There is another reason why the acts of the legislative assembly, referred to in the petition, are to be regarded as general laws, and not special or local acts. Article 4, section 27, of the constitution, declares that “every statute shall be considered a public law, unless otherwise declared in the statute itself.” Neither of the acts contains such a declaration.
We hold, therefore, that they do not come within the constitutional inhibition contained in section 23 of article 4, that “the legislative assembly shall not pass special or local laws * * * * for the purpose of laying, opening, and working on highways.” We think the objection to the sufficiency of the first and second clauses of the petition is well taken by the counsel for respondent. In neither of them is there any allegation that when payment was demanded on the twenty-seventh day of August, 1879, there was sufficient money in the treasury to pay said warrants and applicable to such payment. The third clause in the petition is not open to this objection, and a peremptory writ of mandamus ought to be allowed, commanding the respondent to pay the warrant for one thousand nine hundred and ninety-six dollars, unless he shall ask leave to file an answer and defend upon the merits.
It is ordered that the judgment be reversed, and this cause remanded to the court below for further proceedings. And it is further ordered that the costs of this proceeding be paid by the state.
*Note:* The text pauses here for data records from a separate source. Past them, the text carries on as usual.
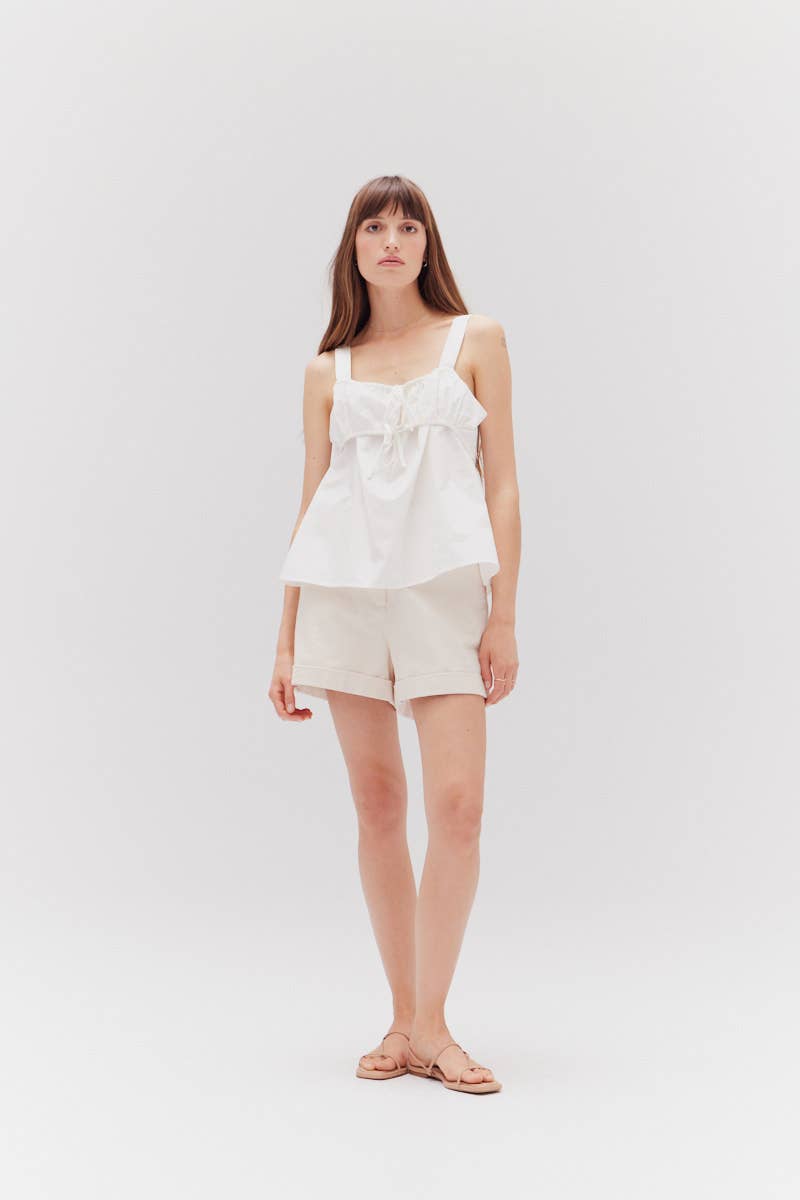 The Milk Twill Shorts are classic tailored shorts in white colourway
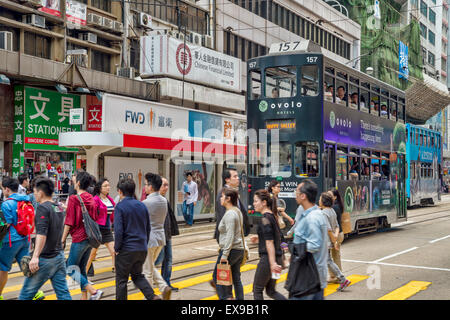 Les banlieusards crossing busy street, hong kong avec un tram à l'arrière-plan Banque D'Images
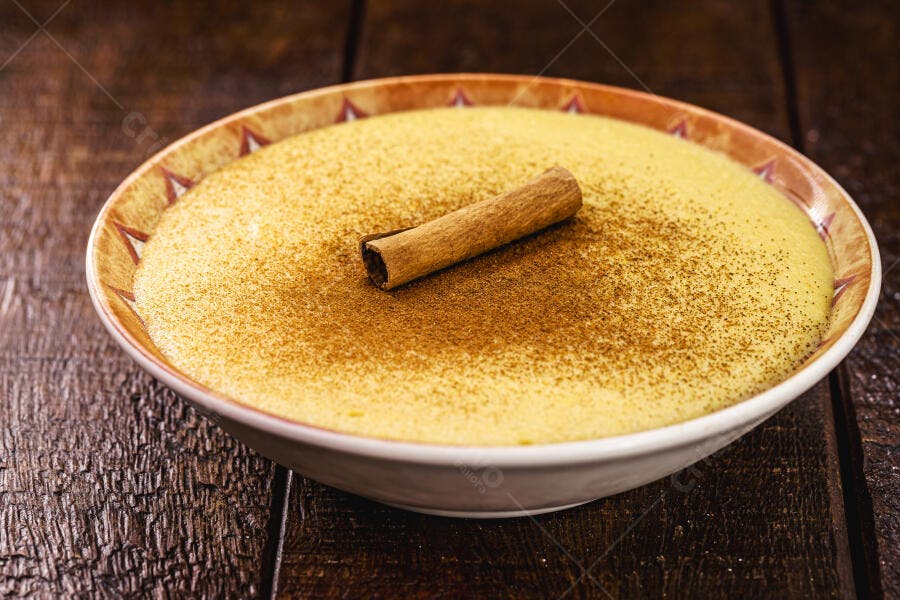 Curau de milho doce com canela em pau e pó em tigela rústica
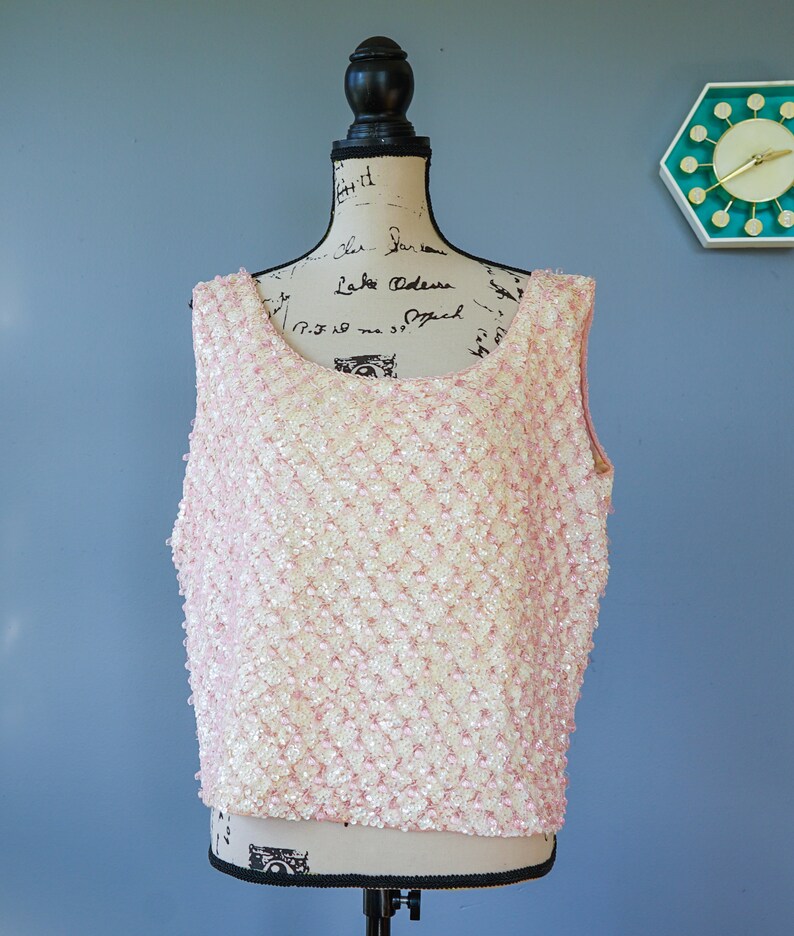 Pu&ograve; includere: Un top senza maniche rosa e bianco con paillettes, con scollo rotondo. Il top &egrave; realizzato in un tessuto strutturato con piccole paillettes rotonde.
Boise, J., dissents from this opinion, on the ground that the laws providing for these warrants are special laws within
*428the meaning of section 28, subdivision 7, article 4, of tbe constitution. Section 27 of said article does not abridge tbe force of section 28, for the reason that a special law may be also a public law, and the provisions of these different sections are not repugnant to each other. Smith on Construction defines a special law as distinguished from a general law. Of the latter he says: “It is one which provides for all things of a kind or genus; special provides for a species of the genus.” In this case a general law relating to highways should provide for all the highways of the state; a special law to a particular highway, as in this case.